Cross Bones Graveyard – Southwark

The City of London has had a long and colourful history; the people that lived here across the centuries have ranged from the impossibly rich to the impoverished poor, but all of them had one thing in common, the church. They were welcomed into the arms of the church at birth and dispatched at death into the consecrated grounds of the many churchyards that litter the city. That is providing of course, that they lived their lives free from sin. For those on whom the church turned their back on they were left with a different resting place.

Photo by M.J.
Photo by M.J.

Un-consecrated Memorial to the Forgotten

In the SE1 area of London, along the quiet and unassuming backstreet of Redcross Way, you will come upon a large and seemingly vacant plot of land. This piece of urban greenery is actually Cross Bones Graveyard and is the resting place of countless bodies to those who were forbidden from being buried within consecrated grounds. This plot was originally established towards the late medieval era to house the bodies of the hundreds if not thousands of prostitutes that plied their trade in the area, what was once one of the most dark and lawless in all of London. As the land here belonged not to the City of London, but instead to the Bishop of Winchester the ladies that plied their trade in its dirty streets were locally referred to as ‘Winchester Geese’. The cemetery was originally given the name of the ‘Single Woman’s Churchyard’ although of course, there is no church adjacent to the plot.

Sordid Southwark

As the years passed the cemetery also became the site of many pauper burials and the final resting place of the homeless and transient section of society, as well as the criminal classes. This part of London was a true den of iniquity and its many legalised unsavoury diversions such as bull and bear baiting, as well as dog and cock fighting, and the many theatres and hostelries led to it being described as London’s ‘Pleasure Garden’. With so many of societies undesirables flocking to the area the cemetery was soon filled to capacity, and was abandoned around 1850 due to serious health and safety concerns.

Unsavoury Excavations

In 1992 as part of the work on the extension of the Jubilee Underground Line the Museum of London undertook an excavation at the cemetery.  They found that body after body lay unceremoniously piled on top of another, making it more of a mass grave than a graveyard proper.

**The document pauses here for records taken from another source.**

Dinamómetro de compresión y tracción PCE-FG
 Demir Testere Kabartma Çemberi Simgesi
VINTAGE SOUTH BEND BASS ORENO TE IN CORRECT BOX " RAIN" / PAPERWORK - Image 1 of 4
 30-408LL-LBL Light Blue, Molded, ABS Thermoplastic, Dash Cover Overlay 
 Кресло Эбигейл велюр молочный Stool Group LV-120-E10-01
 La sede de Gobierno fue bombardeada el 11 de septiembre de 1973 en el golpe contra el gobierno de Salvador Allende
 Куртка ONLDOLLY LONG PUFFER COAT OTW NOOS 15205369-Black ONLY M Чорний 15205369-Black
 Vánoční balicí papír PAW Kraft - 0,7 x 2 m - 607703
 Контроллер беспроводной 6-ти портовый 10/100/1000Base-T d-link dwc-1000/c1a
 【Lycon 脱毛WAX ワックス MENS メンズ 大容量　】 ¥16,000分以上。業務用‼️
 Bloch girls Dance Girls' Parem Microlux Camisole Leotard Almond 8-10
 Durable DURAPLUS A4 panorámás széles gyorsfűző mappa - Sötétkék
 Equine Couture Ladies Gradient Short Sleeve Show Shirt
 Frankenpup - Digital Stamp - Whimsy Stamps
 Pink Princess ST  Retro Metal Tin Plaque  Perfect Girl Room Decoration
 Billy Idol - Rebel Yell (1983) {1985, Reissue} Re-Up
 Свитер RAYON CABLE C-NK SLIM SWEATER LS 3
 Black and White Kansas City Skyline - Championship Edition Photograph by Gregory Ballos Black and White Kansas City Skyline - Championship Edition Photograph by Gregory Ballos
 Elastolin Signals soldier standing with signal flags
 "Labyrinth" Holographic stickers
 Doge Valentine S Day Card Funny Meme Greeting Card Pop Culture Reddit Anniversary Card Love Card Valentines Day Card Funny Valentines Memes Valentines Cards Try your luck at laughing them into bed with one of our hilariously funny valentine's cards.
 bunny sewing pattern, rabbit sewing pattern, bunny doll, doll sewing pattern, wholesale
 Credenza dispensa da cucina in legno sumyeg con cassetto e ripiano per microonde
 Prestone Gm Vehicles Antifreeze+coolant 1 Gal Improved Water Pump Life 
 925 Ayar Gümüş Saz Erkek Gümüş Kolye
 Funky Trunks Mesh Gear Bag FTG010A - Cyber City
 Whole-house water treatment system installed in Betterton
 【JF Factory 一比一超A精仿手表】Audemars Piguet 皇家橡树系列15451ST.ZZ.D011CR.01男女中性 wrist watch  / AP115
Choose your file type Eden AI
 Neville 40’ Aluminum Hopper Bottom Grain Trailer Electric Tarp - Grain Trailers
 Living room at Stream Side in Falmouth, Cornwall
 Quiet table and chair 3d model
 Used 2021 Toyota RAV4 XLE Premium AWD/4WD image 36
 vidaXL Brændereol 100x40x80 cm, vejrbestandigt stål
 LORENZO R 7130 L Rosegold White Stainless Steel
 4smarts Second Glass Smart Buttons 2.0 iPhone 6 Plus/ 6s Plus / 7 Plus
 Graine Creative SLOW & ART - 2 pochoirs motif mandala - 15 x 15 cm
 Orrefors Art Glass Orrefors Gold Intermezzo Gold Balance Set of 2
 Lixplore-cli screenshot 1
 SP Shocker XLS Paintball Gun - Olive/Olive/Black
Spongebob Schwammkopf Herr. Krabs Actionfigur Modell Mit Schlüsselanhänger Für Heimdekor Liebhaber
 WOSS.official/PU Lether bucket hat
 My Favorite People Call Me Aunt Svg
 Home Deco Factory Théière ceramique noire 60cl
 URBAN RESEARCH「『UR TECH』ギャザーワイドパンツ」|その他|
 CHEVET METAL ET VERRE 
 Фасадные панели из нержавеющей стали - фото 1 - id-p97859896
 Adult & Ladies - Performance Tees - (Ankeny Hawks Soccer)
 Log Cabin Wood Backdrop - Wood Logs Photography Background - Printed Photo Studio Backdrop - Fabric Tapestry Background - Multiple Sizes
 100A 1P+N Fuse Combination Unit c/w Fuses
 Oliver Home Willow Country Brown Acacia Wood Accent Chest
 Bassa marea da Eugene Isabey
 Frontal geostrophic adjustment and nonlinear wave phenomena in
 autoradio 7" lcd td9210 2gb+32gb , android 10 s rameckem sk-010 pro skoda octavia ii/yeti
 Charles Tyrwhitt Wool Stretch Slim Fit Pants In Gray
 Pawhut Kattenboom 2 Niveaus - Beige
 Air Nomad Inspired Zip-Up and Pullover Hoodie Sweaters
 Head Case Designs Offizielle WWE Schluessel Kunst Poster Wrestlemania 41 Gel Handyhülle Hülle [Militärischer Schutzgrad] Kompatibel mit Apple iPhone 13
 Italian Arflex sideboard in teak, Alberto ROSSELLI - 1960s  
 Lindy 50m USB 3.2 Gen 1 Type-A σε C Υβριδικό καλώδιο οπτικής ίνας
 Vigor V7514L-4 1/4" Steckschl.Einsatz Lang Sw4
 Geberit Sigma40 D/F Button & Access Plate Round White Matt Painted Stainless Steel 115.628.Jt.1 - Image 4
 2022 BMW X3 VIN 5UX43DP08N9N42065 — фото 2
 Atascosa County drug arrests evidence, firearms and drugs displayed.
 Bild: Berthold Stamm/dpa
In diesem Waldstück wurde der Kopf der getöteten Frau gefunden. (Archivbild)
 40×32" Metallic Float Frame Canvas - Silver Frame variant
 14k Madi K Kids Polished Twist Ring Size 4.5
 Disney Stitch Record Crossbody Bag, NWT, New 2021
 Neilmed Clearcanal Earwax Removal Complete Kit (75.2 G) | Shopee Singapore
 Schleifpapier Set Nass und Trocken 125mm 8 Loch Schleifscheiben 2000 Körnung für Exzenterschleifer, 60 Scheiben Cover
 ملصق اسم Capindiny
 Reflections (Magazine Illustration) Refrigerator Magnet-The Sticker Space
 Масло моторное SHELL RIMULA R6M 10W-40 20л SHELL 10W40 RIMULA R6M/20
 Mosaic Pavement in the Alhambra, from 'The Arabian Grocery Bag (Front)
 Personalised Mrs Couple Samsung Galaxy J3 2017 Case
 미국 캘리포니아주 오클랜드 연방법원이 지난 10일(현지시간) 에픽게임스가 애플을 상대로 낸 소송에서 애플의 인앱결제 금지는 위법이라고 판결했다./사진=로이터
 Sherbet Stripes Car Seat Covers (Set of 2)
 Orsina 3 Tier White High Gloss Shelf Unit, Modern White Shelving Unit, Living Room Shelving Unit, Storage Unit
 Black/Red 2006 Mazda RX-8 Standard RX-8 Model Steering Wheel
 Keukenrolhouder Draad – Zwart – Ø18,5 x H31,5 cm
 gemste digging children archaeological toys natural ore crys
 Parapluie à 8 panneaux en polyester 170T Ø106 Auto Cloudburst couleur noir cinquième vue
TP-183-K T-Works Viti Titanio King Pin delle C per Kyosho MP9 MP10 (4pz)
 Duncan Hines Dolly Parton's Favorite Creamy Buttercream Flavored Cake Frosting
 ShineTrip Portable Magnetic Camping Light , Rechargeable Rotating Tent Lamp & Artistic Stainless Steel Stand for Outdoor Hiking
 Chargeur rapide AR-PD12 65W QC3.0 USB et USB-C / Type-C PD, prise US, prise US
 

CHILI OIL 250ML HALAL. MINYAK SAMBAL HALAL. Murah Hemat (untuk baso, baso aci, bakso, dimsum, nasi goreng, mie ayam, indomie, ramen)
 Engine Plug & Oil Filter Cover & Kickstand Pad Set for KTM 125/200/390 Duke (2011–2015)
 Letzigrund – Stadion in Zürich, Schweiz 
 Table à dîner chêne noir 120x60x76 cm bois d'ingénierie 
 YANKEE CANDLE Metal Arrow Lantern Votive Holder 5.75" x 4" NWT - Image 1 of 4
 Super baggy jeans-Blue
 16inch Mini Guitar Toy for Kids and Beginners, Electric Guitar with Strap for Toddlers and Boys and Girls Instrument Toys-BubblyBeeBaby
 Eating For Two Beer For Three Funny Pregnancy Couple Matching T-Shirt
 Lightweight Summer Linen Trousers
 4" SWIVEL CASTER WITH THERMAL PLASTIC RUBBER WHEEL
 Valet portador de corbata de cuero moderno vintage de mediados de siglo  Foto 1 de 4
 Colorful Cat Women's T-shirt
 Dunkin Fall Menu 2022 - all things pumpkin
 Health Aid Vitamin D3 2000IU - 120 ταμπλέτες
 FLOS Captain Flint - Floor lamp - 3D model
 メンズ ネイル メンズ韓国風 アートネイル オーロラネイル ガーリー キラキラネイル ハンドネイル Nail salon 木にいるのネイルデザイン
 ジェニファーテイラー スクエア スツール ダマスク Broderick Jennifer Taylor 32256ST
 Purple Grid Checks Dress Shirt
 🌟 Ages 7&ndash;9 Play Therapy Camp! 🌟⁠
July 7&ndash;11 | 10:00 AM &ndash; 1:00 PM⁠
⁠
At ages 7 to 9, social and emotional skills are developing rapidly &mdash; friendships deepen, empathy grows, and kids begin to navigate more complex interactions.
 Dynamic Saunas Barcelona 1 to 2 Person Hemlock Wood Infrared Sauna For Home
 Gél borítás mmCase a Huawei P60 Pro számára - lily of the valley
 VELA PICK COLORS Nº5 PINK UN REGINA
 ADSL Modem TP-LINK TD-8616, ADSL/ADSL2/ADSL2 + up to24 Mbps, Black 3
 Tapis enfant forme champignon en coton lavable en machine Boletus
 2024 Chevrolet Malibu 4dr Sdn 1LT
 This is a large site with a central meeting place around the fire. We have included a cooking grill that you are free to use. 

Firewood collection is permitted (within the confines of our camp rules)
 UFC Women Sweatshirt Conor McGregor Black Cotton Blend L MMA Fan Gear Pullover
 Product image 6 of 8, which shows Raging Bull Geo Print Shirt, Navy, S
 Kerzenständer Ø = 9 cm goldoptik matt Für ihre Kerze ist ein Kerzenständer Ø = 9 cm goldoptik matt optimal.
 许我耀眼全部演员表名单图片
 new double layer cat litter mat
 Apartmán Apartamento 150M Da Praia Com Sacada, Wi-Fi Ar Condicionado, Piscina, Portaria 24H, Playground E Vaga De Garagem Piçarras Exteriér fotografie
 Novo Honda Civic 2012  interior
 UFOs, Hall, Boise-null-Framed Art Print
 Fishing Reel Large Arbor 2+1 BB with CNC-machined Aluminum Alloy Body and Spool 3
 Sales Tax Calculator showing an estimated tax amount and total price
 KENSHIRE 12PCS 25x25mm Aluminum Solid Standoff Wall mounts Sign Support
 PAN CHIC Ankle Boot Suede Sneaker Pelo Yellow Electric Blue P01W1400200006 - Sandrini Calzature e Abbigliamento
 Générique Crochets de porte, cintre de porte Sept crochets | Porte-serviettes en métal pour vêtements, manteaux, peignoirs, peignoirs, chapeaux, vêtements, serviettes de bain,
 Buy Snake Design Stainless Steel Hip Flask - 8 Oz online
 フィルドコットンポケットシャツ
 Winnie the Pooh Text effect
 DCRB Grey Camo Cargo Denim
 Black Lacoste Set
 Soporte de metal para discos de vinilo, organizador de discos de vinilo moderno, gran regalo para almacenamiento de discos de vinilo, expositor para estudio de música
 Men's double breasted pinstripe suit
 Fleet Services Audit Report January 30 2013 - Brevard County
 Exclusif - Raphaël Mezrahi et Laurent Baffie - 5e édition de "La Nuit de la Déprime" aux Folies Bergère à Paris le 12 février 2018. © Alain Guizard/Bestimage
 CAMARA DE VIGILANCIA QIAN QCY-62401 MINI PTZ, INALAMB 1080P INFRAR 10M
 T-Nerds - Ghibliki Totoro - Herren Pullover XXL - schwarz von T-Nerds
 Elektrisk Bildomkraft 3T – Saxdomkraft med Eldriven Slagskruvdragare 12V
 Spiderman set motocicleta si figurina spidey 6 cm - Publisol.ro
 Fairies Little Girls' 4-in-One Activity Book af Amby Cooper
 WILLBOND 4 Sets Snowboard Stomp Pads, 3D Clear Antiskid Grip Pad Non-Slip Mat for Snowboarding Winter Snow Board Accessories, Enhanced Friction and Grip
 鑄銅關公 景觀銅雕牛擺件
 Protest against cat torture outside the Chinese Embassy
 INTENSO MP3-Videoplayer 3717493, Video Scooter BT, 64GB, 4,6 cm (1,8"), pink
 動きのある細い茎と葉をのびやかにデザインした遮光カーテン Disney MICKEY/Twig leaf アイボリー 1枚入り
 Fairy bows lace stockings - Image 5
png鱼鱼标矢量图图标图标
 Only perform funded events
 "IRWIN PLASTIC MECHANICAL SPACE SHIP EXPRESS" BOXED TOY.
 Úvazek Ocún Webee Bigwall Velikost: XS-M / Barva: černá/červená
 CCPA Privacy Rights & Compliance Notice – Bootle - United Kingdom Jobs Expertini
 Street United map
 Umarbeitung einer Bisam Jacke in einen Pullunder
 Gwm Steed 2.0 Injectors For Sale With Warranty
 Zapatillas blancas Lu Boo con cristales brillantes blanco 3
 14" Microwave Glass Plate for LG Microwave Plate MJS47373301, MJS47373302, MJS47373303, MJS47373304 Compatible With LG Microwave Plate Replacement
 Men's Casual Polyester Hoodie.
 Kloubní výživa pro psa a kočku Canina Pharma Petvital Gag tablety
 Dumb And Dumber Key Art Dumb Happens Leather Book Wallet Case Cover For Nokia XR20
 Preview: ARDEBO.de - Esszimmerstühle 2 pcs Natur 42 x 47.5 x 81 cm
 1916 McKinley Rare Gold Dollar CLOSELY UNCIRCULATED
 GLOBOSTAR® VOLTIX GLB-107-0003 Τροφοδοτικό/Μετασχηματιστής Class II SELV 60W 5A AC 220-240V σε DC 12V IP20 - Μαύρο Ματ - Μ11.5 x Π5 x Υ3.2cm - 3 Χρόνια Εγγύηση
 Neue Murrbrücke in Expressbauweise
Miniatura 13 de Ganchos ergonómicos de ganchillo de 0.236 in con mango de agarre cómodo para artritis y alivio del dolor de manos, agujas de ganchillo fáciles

In total they excavated 148 graves which all dated between 1800 and 1853. One shocking discovery was that over half of the population of the cemetery was under five years of age at the time of their death, making for a staggeringly high infant mortality rate at that time. The plot was beyond overcrowded placing the surrounding area, at the time the cemetery was in use at serious risk of disease. The main causes of death cited for the excavated dead were smallpox, rickets, scurvy and tuberculosis a clear indication of just how sordid this ‘Pleasure Garden’ actually was.